Conclusions: The examples discussed above show clearly that the development of vectors for use in eukaryotic cells is presently proceeding very rapidly. Knowledge gained from the use of one type of vector defines the design criteria for the next type and thus many systems become obsolete before they are fully developed. Some future work can be predicted with reasonable certainty. The vast majority of future vectors will incorporate dominant selectable markers and regulatable promoters and we can expect to see vectors containing several different origins of DNA replication so that their replication can be controlled in several ways.

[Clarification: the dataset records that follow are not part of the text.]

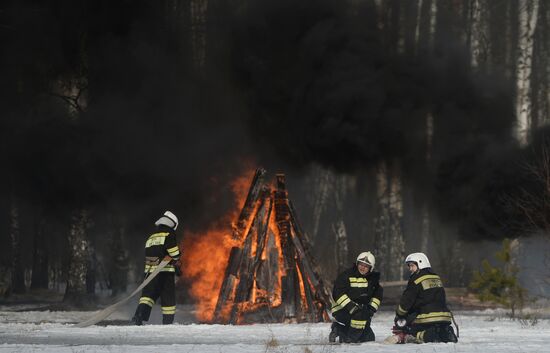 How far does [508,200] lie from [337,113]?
3.37 meters

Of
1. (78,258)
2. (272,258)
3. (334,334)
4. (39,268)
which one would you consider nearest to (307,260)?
(272,258)

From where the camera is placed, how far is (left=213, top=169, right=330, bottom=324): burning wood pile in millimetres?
16031

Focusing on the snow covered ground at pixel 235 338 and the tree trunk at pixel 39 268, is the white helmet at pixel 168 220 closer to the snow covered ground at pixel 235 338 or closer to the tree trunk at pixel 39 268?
the snow covered ground at pixel 235 338

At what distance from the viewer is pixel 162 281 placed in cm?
1566

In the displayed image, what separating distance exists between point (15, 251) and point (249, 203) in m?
12.0

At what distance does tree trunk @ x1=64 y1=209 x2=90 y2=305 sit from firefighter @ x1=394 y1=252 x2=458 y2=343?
Answer: 984 centimetres

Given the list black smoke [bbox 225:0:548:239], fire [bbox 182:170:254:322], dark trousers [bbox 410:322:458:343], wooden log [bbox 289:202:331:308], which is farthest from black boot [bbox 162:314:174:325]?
dark trousers [bbox 410:322:458:343]

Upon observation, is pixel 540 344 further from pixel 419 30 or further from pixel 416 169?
pixel 419 30

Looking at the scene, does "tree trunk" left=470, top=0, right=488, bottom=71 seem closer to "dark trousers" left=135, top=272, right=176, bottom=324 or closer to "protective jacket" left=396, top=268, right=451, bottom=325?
"dark trousers" left=135, top=272, right=176, bottom=324

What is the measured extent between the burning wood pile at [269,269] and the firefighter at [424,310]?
3.91 m

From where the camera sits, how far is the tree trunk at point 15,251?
25453 millimetres

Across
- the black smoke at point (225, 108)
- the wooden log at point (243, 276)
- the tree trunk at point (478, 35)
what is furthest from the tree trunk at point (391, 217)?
the wooden log at point (243, 276)

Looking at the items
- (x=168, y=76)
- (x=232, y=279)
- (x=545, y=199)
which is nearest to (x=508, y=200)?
(x=545, y=199)

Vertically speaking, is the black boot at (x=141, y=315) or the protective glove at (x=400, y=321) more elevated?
the protective glove at (x=400, y=321) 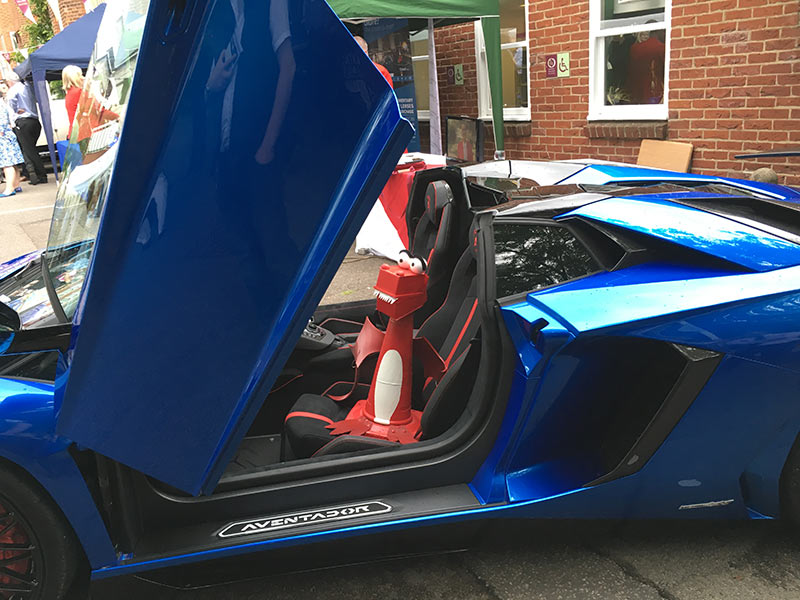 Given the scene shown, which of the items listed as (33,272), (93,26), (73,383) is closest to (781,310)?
(73,383)

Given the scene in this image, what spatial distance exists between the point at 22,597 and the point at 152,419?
78 cm

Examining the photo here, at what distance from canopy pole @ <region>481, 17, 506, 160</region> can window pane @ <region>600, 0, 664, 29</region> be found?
1.06 m

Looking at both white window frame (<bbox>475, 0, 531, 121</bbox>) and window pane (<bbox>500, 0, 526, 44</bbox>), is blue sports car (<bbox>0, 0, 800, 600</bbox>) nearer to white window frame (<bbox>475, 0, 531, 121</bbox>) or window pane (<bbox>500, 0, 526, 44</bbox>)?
white window frame (<bbox>475, 0, 531, 121</bbox>)

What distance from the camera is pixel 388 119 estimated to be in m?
1.53

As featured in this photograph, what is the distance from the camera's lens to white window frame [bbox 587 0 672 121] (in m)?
6.35

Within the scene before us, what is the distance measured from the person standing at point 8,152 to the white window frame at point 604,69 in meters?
10.5

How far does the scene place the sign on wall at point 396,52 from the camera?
7863 mm

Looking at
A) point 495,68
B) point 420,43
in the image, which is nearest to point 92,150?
point 495,68

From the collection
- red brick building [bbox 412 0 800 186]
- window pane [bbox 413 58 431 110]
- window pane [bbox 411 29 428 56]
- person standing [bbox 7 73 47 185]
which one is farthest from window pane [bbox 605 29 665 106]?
person standing [bbox 7 73 47 185]

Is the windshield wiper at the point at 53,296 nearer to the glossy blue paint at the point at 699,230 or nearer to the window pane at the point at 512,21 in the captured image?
the glossy blue paint at the point at 699,230

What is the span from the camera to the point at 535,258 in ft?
7.39

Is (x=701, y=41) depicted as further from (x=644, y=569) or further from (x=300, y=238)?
(x=300, y=238)

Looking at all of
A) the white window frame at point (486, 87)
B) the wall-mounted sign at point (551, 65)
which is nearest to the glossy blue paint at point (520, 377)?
the wall-mounted sign at point (551, 65)

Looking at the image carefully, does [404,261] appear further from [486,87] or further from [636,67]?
[486,87] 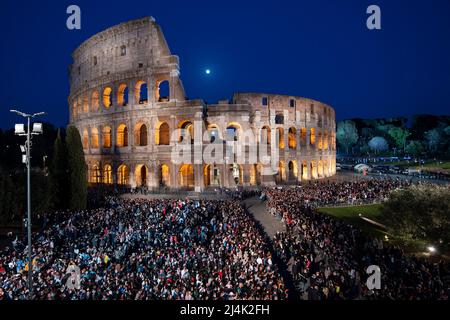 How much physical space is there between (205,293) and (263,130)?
111 ft

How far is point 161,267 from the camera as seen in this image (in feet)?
40.7

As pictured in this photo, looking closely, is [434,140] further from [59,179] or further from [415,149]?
[59,179]

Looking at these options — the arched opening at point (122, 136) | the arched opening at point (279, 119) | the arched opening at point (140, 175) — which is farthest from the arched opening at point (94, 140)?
the arched opening at point (279, 119)

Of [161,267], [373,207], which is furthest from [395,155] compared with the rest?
[161,267]

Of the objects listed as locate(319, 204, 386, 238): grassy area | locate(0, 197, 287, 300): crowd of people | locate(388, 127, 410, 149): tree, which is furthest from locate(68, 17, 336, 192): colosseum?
locate(388, 127, 410, 149): tree

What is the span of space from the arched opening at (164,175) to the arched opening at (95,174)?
27.8ft

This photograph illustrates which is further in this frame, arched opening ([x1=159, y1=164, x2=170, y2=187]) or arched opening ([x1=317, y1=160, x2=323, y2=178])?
arched opening ([x1=317, y1=160, x2=323, y2=178])

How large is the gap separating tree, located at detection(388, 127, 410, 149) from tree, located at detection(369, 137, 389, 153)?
9.50 feet

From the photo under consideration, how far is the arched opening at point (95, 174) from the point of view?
4112cm

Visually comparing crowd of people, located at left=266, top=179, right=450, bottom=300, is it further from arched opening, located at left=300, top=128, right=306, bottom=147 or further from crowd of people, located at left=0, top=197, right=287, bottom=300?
arched opening, located at left=300, top=128, right=306, bottom=147

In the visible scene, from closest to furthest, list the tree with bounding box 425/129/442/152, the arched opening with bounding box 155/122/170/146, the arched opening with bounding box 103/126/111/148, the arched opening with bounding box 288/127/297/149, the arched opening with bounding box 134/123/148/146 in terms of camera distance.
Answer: the arched opening with bounding box 134/123/148/146, the arched opening with bounding box 155/122/170/146, the arched opening with bounding box 103/126/111/148, the arched opening with bounding box 288/127/297/149, the tree with bounding box 425/129/442/152

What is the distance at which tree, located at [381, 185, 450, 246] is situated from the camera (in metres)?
15.3

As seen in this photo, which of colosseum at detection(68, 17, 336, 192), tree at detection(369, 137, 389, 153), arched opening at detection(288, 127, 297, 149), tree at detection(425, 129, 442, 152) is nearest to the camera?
colosseum at detection(68, 17, 336, 192)

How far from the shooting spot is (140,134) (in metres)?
40.7
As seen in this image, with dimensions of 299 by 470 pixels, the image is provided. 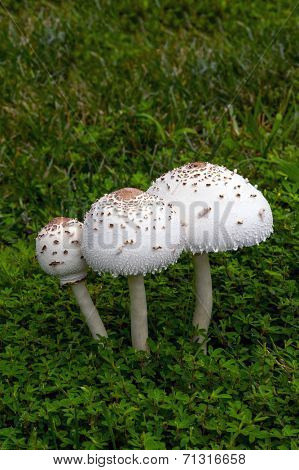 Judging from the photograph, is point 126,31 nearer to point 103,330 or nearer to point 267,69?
point 267,69

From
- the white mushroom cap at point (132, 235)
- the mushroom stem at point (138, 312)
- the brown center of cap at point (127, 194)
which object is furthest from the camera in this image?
the mushroom stem at point (138, 312)

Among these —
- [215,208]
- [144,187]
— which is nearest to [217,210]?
[215,208]

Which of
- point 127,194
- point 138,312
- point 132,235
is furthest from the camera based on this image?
point 138,312

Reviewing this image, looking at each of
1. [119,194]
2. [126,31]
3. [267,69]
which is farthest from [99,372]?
[126,31]

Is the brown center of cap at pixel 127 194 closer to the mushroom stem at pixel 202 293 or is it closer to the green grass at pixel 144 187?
the mushroom stem at pixel 202 293

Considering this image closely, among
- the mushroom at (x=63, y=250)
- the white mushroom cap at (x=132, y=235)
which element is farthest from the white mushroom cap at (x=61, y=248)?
the white mushroom cap at (x=132, y=235)

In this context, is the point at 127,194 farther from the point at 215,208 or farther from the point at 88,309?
the point at 88,309

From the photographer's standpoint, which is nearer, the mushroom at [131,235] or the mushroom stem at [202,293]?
the mushroom at [131,235] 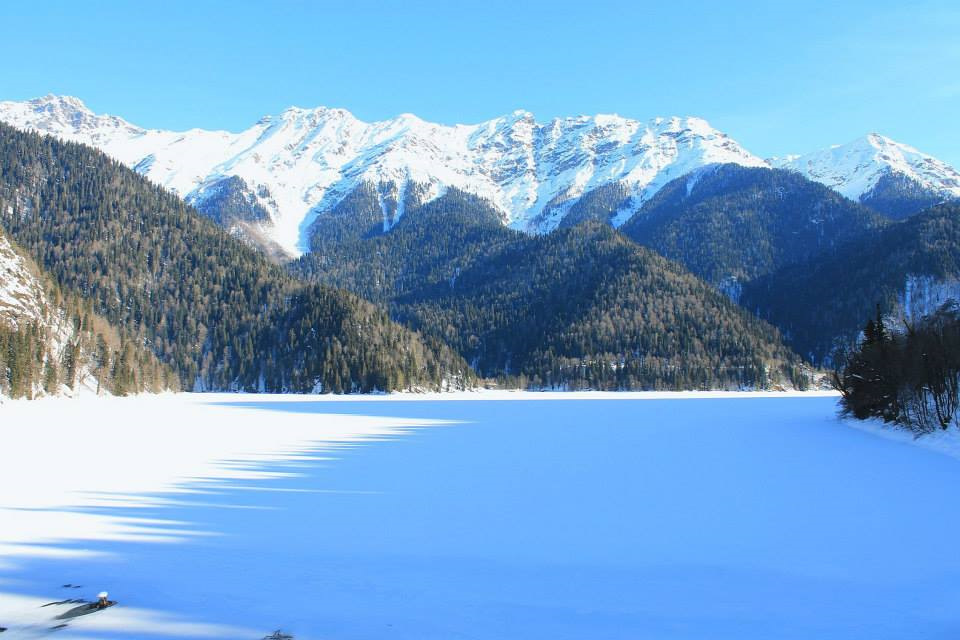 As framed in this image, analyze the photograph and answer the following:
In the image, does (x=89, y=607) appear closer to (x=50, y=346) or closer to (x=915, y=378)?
(x=915, y=378)

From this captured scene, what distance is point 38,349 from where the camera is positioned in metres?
77.7

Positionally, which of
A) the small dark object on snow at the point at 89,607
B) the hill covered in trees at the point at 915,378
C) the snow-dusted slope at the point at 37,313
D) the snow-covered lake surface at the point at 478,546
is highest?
the snow-dusted slope at the point at 37,313

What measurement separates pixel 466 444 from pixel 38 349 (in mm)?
73338

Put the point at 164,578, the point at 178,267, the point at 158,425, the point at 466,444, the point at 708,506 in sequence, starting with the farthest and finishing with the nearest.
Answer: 1. the point at 178,267
2. the point at 158,425
3. the point at 466,444
4. the point at 708,506
5. the point at 164,578

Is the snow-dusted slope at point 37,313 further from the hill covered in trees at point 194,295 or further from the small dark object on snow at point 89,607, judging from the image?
the small dark object on snow at point 89,607

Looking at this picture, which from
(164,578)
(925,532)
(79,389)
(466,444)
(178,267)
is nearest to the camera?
(164,578)

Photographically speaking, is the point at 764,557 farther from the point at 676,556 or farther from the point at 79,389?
the point at 79,389

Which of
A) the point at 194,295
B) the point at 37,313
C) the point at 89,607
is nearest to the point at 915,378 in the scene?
the point at 89,607

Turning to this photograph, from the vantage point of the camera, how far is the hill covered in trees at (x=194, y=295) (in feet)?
462

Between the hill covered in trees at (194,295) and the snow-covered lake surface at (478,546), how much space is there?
10785 centimetres

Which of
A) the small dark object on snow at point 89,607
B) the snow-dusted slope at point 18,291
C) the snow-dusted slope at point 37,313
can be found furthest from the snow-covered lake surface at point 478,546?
the snow-dusted slope at point 18,291

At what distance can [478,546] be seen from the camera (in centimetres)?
1184

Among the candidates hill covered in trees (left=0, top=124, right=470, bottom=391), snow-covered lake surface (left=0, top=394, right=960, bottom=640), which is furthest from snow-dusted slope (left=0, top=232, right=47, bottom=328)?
snow-covered lake surface (left=0, top=394, right=960, bottom=640)

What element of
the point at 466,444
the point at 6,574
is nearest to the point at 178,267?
the point at 466,444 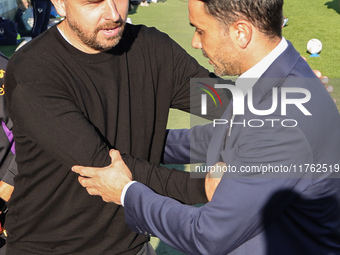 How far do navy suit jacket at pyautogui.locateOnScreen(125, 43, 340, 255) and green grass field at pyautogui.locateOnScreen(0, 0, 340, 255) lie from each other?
225 inches

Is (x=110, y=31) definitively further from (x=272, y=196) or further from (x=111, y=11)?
(x=272, y=196)

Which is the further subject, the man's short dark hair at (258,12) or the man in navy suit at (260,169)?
the man's short dark hair at (258,12)

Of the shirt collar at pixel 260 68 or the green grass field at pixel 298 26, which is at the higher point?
the shirt collar at pixel 260 68

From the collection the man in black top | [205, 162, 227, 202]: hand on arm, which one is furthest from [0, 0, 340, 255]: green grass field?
[205, 162, 227, 202]: hand on arm

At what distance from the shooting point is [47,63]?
2.81 m

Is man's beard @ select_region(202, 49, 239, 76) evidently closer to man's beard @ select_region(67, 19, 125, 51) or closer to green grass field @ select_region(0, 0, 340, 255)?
man's beard @ select_region(67, 19, 125, 51)

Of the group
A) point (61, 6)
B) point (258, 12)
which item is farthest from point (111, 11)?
point (258, 12)

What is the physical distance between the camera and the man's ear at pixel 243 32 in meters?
2.67

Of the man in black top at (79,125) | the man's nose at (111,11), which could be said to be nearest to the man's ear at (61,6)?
the man in black top at (79,125)

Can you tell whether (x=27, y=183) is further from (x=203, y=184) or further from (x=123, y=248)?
(x=203, y=184)

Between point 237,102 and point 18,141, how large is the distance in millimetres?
1211

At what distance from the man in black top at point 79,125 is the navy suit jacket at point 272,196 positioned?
38 cm

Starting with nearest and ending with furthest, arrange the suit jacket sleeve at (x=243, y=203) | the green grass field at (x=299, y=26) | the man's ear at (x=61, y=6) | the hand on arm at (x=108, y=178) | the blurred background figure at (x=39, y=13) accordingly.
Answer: the suit jacket sleeve at (x=243, y=203), the hand on arm at (x=108, y=178), the man's ear at (x=61, y=6), the green grass field at (x=299, y=26), the blurred background figure at (x=39, y=13)

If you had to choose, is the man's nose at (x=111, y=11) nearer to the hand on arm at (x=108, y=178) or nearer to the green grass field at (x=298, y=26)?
the hand on arm at (x=108, y=178) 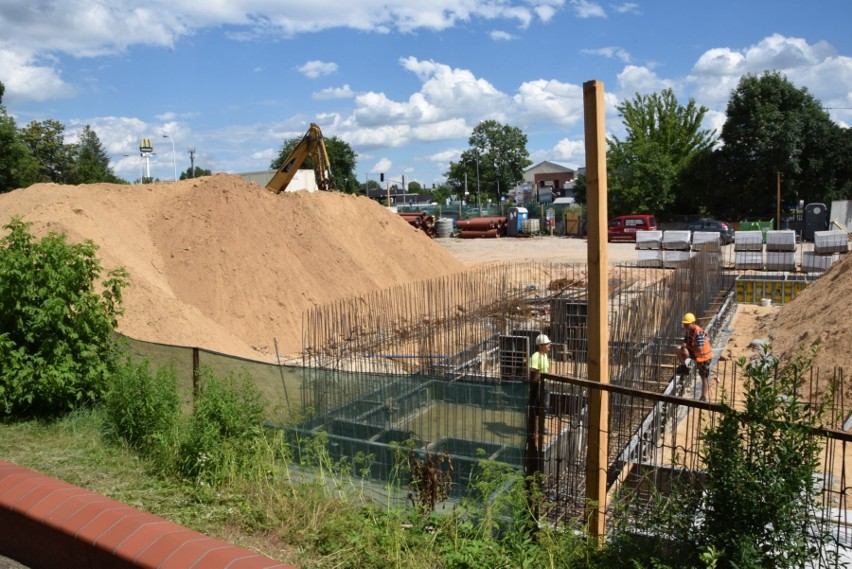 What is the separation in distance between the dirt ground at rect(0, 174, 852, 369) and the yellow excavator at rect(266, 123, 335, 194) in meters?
1.47

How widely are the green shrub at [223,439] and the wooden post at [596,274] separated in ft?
7.18

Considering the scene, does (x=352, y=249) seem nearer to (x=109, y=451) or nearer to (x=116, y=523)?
(x=109, y=451)

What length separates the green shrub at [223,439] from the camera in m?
4.74

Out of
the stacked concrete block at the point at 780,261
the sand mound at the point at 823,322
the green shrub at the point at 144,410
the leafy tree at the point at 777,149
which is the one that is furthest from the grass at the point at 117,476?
the leafy tree at the point at 777,149

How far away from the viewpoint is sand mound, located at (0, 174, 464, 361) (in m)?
12.5

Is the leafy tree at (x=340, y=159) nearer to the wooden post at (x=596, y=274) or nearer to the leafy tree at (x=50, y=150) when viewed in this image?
the leafy tree at (x=50, y=150)

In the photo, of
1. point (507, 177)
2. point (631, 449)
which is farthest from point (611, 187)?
point (631, 449)

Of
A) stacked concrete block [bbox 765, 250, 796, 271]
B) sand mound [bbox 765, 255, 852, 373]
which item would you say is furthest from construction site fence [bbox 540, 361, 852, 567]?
stacked concrete block [bbox 765, 250, 796, 271]

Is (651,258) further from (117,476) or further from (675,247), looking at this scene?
(117,476)

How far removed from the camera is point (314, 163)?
2341cm

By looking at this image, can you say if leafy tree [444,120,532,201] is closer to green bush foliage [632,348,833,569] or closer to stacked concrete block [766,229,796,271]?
stacked concrete block [766,229,796,271]

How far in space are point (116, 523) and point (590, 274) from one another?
9.03ft

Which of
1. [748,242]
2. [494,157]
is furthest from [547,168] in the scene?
[748,242]

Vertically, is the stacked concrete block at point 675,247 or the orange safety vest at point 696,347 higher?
the stacked concrete block at point 675,247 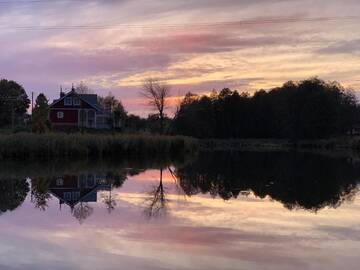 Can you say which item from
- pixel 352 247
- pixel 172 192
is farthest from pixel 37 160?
pixel 352 247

In parallel with these refinements will occur the development of eukaryotic vectors suitable for the primary cloning of genomic DNA or cDNA. This will be of the greatest importance as it will allow the immunological or phenotypic recognition of genes by virtue of their expression in eukaryotic cells, thus facilitating the isolation of eukaryotic genes which can not be detected by the techniques available for screening prokaryotic clones. The use of such vector systems will surely be a central feature of all future work in eukaryotic molecular biology.